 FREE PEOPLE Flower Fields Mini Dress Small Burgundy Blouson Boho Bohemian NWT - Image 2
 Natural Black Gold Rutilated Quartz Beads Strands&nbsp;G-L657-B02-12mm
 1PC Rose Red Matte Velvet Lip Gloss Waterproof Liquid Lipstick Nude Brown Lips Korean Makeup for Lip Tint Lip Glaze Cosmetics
--
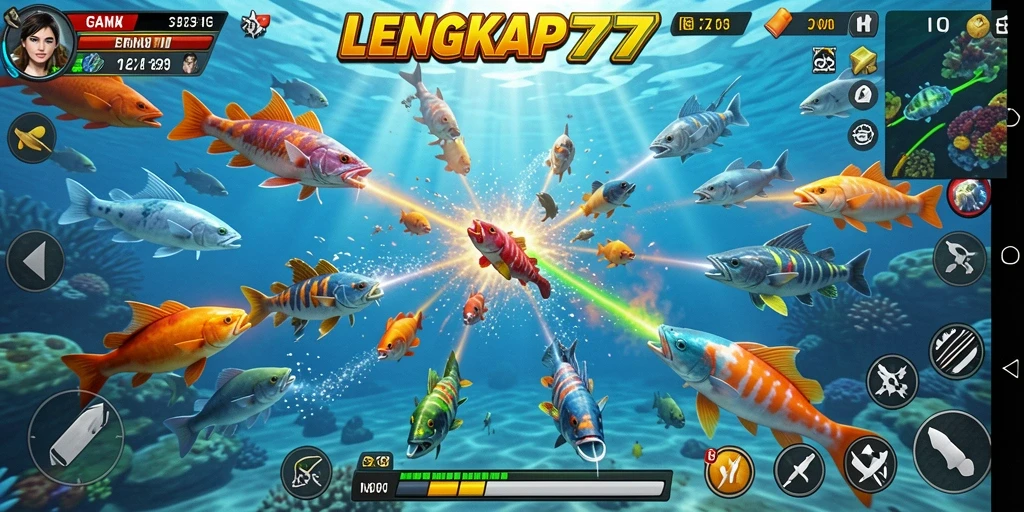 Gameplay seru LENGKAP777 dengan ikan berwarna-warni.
* * *
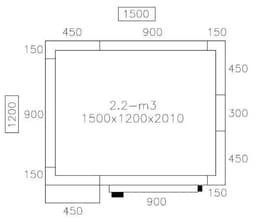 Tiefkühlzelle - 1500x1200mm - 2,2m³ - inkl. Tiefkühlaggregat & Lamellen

- WHAT IS REQUIRED -
Reproduce the entries above exactly, but only the lines between the line holding "FREE PEOPLE Flower" and the line holding "1PC Rose Red", inclusive.

- TASK OUTPUT -
 FREE PEOPLE Flower Fields Mini Dress Small Burgundy Blouson Boho Bohemian NWT - Image 2
 Natural Black Gold Rutilated Quartz Beads Strands&nbsp;G-L657-B02-12mm
 1PC Rose Red Matte Velvet Lip Gloss Waterproof Liquid Lipstick Nude Brown Lips Korean Makeup for Lip Tint Lip Glaze Cosmetics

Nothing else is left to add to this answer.